>>>>

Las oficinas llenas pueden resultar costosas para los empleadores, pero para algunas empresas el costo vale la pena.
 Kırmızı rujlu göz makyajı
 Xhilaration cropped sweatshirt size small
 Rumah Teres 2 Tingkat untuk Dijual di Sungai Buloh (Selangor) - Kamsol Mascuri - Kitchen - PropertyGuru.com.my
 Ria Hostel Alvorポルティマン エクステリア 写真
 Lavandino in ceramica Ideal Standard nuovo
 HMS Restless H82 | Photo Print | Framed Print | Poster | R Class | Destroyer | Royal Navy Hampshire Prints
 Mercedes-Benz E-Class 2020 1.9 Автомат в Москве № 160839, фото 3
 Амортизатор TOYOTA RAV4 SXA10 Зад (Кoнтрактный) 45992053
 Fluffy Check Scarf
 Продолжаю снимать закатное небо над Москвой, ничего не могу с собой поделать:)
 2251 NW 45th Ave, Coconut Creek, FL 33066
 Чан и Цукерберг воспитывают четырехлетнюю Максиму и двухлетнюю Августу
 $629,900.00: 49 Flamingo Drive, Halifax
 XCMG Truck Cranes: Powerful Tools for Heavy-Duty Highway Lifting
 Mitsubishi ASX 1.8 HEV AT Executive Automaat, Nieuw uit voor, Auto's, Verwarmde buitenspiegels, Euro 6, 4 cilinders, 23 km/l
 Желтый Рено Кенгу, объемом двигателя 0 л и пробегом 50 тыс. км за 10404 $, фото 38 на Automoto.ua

<<<<

» EXERCISE INSTRUCTIONS
For each line of the material that includes the word "фото", make a copy.

» REPLY
 Mercedes-Benz E-Class 2020 1.9 Автомат в Москве № 160839, фото 3
 Желтый Рено Кенгу, объемом двигателя 0 л и пробегом 50 тыс. км за 10404 $, фото 38 на Automoto.ua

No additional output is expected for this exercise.